More broadly, our results offer alternative accounts for addiction and the possibility of individually tailored psychiatric interventions (fig. S17). While initial phases of addiction (53) involve excessive dopamine release at the time of drug consumption (54), later phases involve intense craving. Our model implies that people boost anticipation utility when a likelihood of drug administration increases (e.g., when purchasing drugs). People may feel greater value from obtaining drugs (which can act as a kind of conditioned stimuli) than from administering them, because the former includes utilities associated with an anticipation of future administration. Our model predicts that people with certain parameter values (e.g., large boosting coefficients) could repeatedly overboost the value of anticipating drugs, resulting in excessive, pathological, drug-seeking (see Eq. 10). Although the learning process leading to pathological behavior may be very slow in a natural world, by fitting our model to participants performing the task used here, we can, in principle, link an individuals tendency toward addiction with a unique cause of this disorder (e.g., excessive boosting or imbalance between anticipation and discounting). This, in turn, can suggest interventions tailored to individual patients, such as cognitive behavioral therapy focusing on controlling anxiety and craving (55), as well as possible dopaminergic antagonists to control boosting.

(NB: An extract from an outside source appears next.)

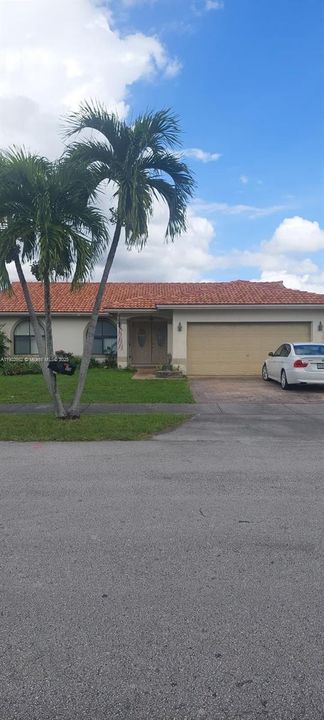 Active With Contract: $535,000 (3 beds, 2 baths, 1340 Square Feet)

Our study is relevant also for unifying separate notions concerning gambling: preference for risk and time delay (the latter is called time preference in behavioral economics). While these two economic phenomena have often been treated separately, there is increasing evidence in favor of an interactive relationship [e.g., (56)]. Our computational model of anticipation explicitly offers an interaction between risk (prediction error) and delay (anticipation) because the former can enhance the value of the latter. This interaction creates well-documented effects, such as nonlinear coding of probabilities of anticipated rewards (57). It would be interesting to test our models predictions as to how pharmacological manipulations (e.g., on dopamine) affect risk and time (delay) preference, where dopamine is likely to be heavily involved in computing aRPE. Further studies may allow us to design a behavioral task for psychiatric interventions, in which patients can lessen their preference for addictive substances, or even their risk preference in general, because our model can find the optimal task parameters for each individual to achieve this goal.

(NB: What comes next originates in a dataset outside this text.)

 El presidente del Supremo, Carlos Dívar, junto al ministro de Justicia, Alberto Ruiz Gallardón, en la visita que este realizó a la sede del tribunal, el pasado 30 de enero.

We found that the hippocampus was involved in value computation arising from reward anticipation, through its coupling with the VTA/SN and the vmPFC. Both hippocampus-VTA/SN and hippocampus-(v)mPFC couplings have been extensively reported previously in animal studies as well as in some human studies [e.g., (16, 17, 20, 45)]. In rodents, hippocampus-PFC coupling has been shown to be gated by neurons in the VTA (16). Oscillatory synchronization has also been reported in the PFC-VTA-hippocampus axis in rodents performing a working memory task. Our finding is consistent with a previous observation in humans showing that activity in VTA influences the baseline activity in posterior hippocampus (45). The posterior hippocampus, which we report in our PPI analysis, has also been linked to future simulation that we think likely relates to our models anticipation utility computation. Our functional connectivity analyses suggest that an aRPE signal encoded in the VTA/SN affects a functional coupling between the hippocampus and the vmPFC, which encode the enhancement of the utility of anticipation; this can be tested in future studies involving pharmacological manipulations (e.g., on dopamine). Because the hippocampus has a rich anatomical structure, further studies will illuminate how different parts of the hippocampus contribute to value computation arising from reward anticipation.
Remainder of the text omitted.